No person seemed more destined to fill the post of speaker than Daniel. On his mother Jean’s side, he was the great-great-great grandson of Sam Houston. His father, Marion Price Daniel, Sr., the former House speaker, state attorney general, U.S. senator, and governor was, by 1971, serving on the Texas Supreme Court. The younger Daniel was born in 1941 and grew up in the town of Liberty, in Liberty County, near Houston. Daniel studied law at Baylor University and received his degree in 1966. Daniel felt impelled toward a public life and, after passing the bar exam, he successfully ran for justice of the peace in Liberty.

Price Daniel Jr. won a seat in the Texas House in 1968. The press characterized his voting record as “liberal,” though Daniel preferred the labels “moderate” or “independent.” He emerged, however, as a favorite speaker candidate among the liberal faction of the Dirty Thirty. Daniel enjoyed distinct advantages in the speaker’s race, according to his friend, Democratic State Rep. Bill Bass. “He came with a famous name and he wasn’t particularly apparent,” Bass said. “I mean, he didn’t get on the microphone a lot. But when it came down to voting . . . [h]e did what he thought was right . . . he voted in a genuinely independent way.”

Bass said that he approached House Speaker Rayford Price, who rose to the speakership when Gus Mutscher resigned following his conviction for accepting bribes in return for laws favorable to banker Frank Sharp, about aligning himself with House independents, but Price worried that he would alienate too many if he was seen working with the Dirty Thirty. The group - formed to oppose Mutscher's speakership - included conservative Republicans but was perceived as dominated by liberals. At this point, Bass said, he began to ask, “Why not Price Daniel?”

Bass said that he and his allies in the House already fondly regarded Daniel’s father “as the person who fought the sales tax.” Bass did not know that Price Daniel, Jr. had grown disillusioned with the House under Gus Mutscher and at the beginning of the 1971 session decided he would drop out of politics. Oblivious to Daniel’s frustrations, Bass and John Hannah, representative from Ben Wheeler, ate ice cream cones in an Austin Baskin Robbins where the two discussed which member of the progressive faction they could back in a race against Gus Mutscher.

“They came up with the name of Price Daniel Jr. and instantly decided it was the best idea since Rocky Road,” Molly Ivins reported in the Texas Observer. Neither legislator knew who would support Daniel’s candidacy or where money for a race would come from, Bass said.

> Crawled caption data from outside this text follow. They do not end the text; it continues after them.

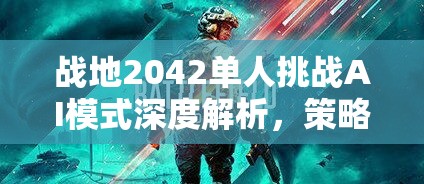 战地2042单人挑战AI模式深度解析,策略布局与实战技巧并重的重要性 战地2042单人挑战AI模式深度解析,策略布局与实战技巧并重的重要性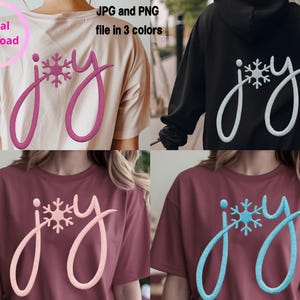 Może przedstawiać: Kolekcja koszulek i bluzy z kapturem z napisem "JOY" w ozdobnej czcionce, ze śnieżynką zastępującą "O". Koszulki są w różnych kolorach, w tym beżowym, bordowym i czarnym. Widoczny jest również tekst "Digital Download" i "JPG and PNG file in 3 colors".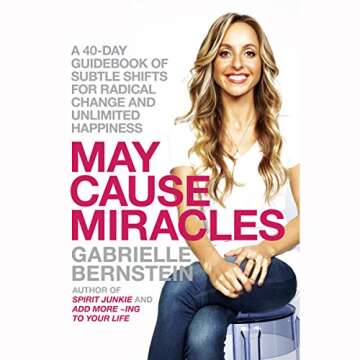 May Cause Miracles: A 40-Day Guidebook of Subtle Shifts for Radical Change and Unlimited Happiness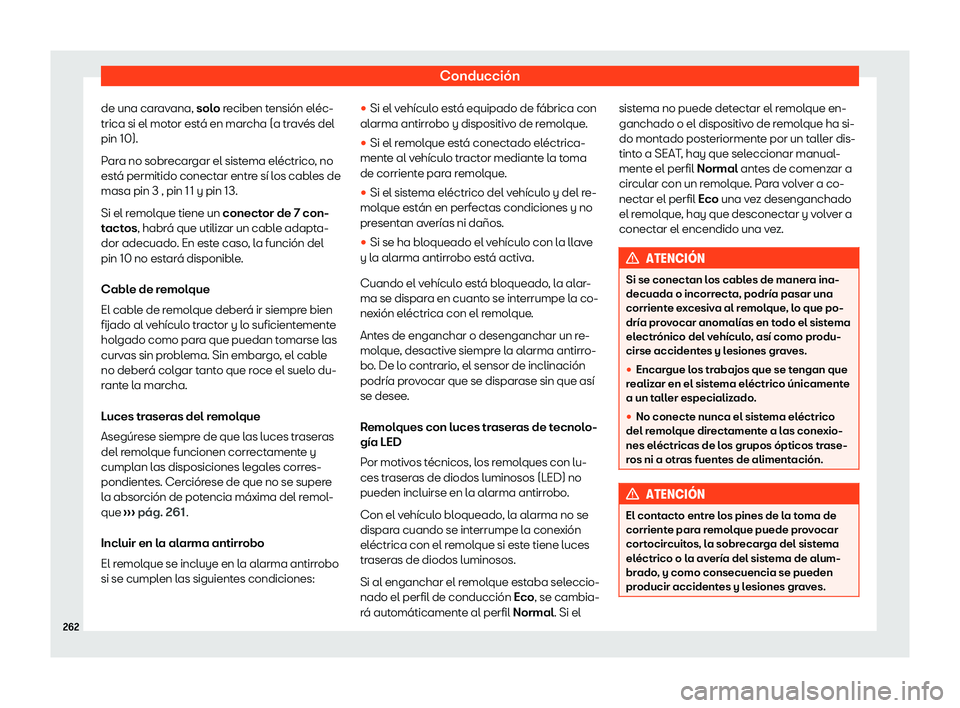 Seat Ibiza 2020  Manual de instrucciones (in Spanish) Conducción
de una caravana, sol o
 reciben tensión eléc-
trica si el motor está en marcha (a través del
pin 10).
Para no sobrecargar el sistema eléctrico, no
está permitido conectar entre sí l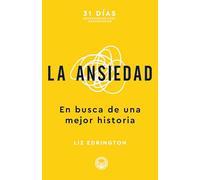 La Ansiedad: En Busca de Una Mejor Historia (31 Días: Devocionales Para Adolescentes)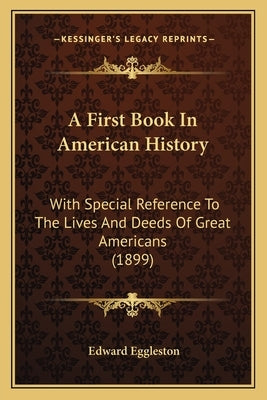 A First Book In American History: With Special Reference To The Lives And Deeds Of Great Americans (1899) by Eggleston, Edward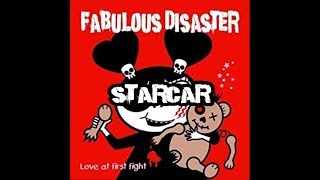 Fabulous Disaster - Starcar lyrics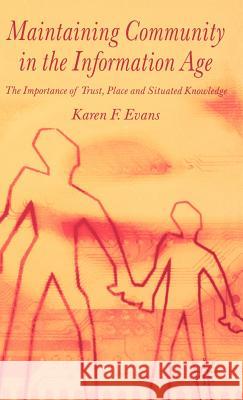 Maintaining Community in the Information Age: The Importance of Trust, Place and Situated Knowledge Evans, Karen F. 9781403912459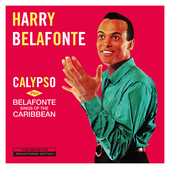 Album artwork for Harry Belafonte - Calypso + Belafonte Sings Of The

All they had was Daniel’s name and they hadn’t even approached the Liberty representative about running. “Later on, when we persisted in encouraging Price to run, he was reluctant, almost derisive of the idea,” Bass said. “He would say to his secretary, ‘The two movers and shakers in the Texas House of Representatives are here to talk me into being speaker.’ . . . It took a while to get Price on board.”

Daniel had not endeared himself to all of the Dirty Thirty, having failed to fight against Mutscher’s redistricting plan and not supporting Farenthold’s call for a full investigation of Sharpstown. He had, however, sided with most of the Dirty Thirty on 12 of 19 key reform votes. The AFL-CIO scorecard for Daniel credited him with casting 25 “right” votes, five “wrong” votes and four absences, enough for him to earn the union’s endorsement in his speaker’s run. Enough people, Bass said, whispered in Daniel’s ear for the legislator to reconsider his retirement plans and openly campaign for the 1973 speakership during the 1971 regular session.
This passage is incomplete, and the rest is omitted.